To-do: Make A To-do List
by
Jim ShahinSome people I knew made lists of the personal traits they were
looking for in members of the opposite sex. I was philosophically
opposed to such lists. To me, people were too complicated to
pigeonhole, and I regarded the whole exercise as dehumanizing and
reductionist - terms, incidentally, I actually used back then,
owing to being in college where such terms were de rigueur (another
college term) if you wanted a good grade, at least in the arts.
I know what you're thinking and you're wrong. You think my contempt
for the trait-listing activity had nothing to do with philosophy.
You think that as a typical, garden-variety male, I was simply
unable to come up with any traits, that if a woman was willing to
say yes to my entreaties that that was trait enough. Au contraire.
I'm sure I could have made a list if I had put my mind to it.
I've also heard about people making pro/con lists. Apparently, the
idea is to list all the pluses about an impending decision on one
side of a piece of paper and all the minuses on the other, total
them up, and arrive at your conclusion. This struck me as too much
like math, which I didn't take in college because you could say
"dehumanizing" and "reductionist" all day long and it wouldn't
matter.

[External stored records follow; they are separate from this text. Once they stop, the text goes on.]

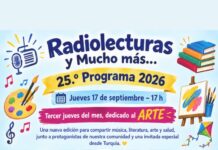 Llega la 25.ª edición de «Radiolecturas y Mucho más…» con un especial dedicado al Arte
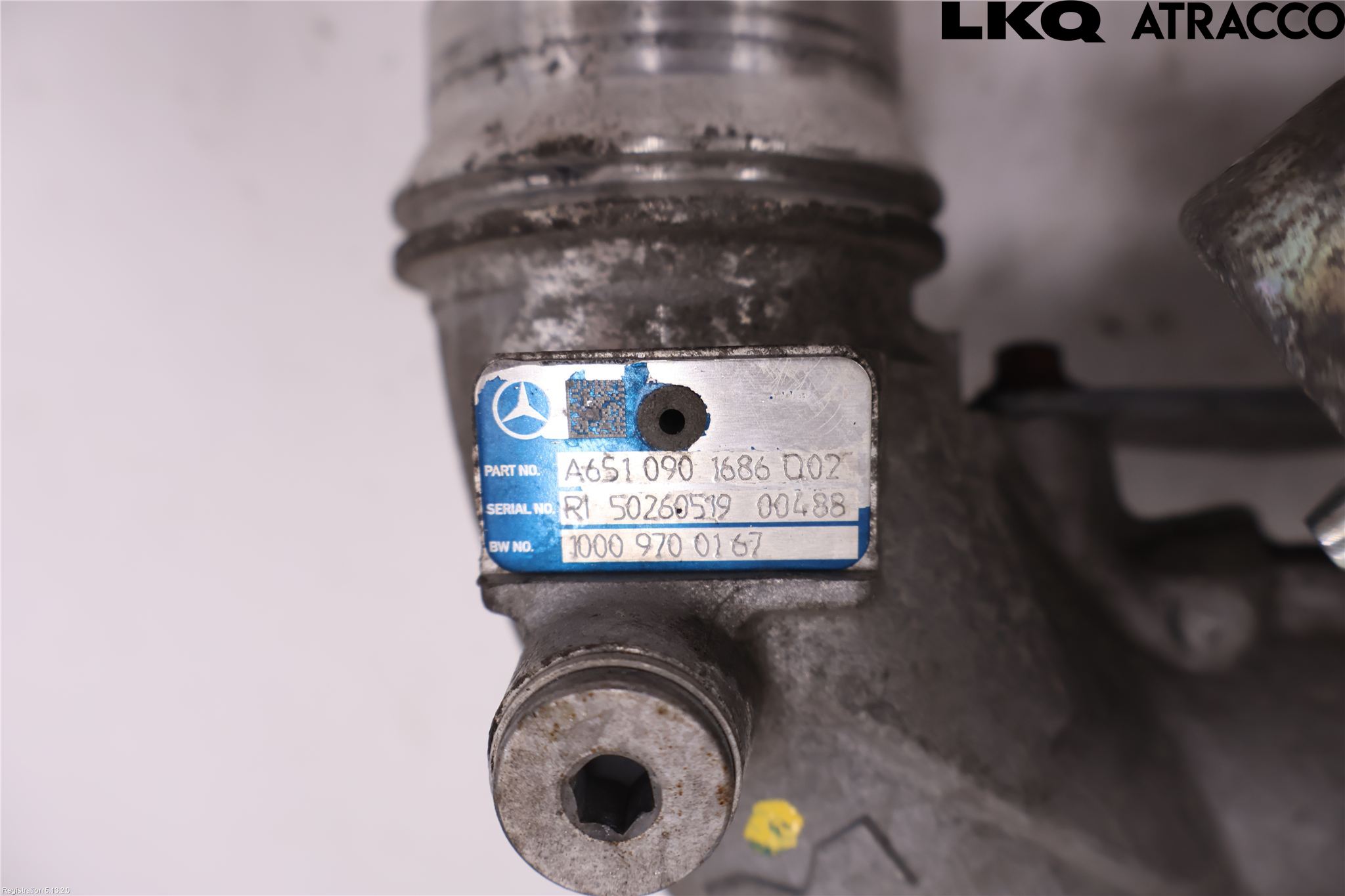 Mercedes-Benz MB VITO/V-KLASS (W640,W447,W448) 14- Turboaggregat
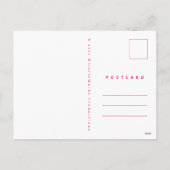 メリークリスマス シーズンポストカード (裏面)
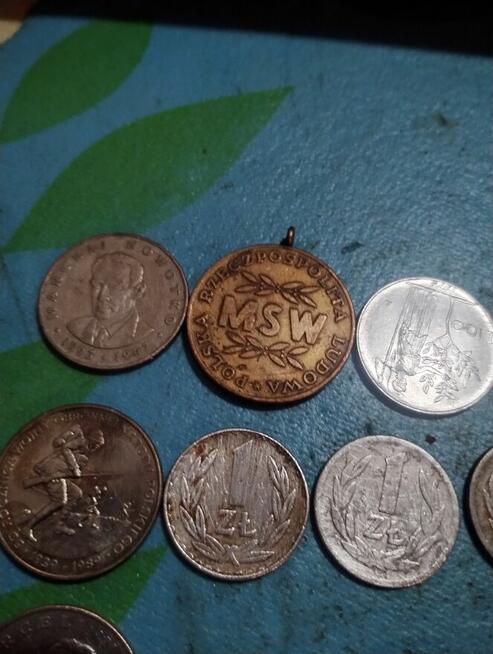 Posiadam monety z czasów PRL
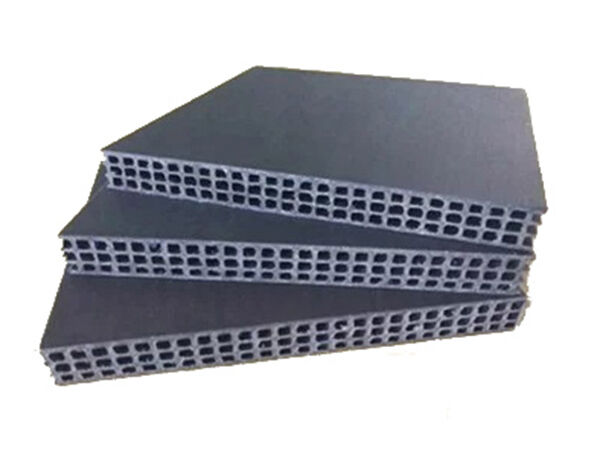 Low cost Plastic PP/PVC hollow Construction Formwork Building Template Making Machine by recycled PP material environment friendly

You still had to actually do something to get a good grade,
like come up with a correct answer to a problem.
In the arts, on the other hand, you had to prove that there was no
correct answer. That I could do. And that, it turns out, is
precisely the problem for the pro/con list. Pros and cons are not
equal. They have different values. (There we go with the math
again.) As a result, you can always prove that the pros and cons,
when subtracted from each other and pi squared and exponentiated to
the nth power, result in one undeniable conclusion: I dunno, what
do you think? Very artsy, but not very helpful.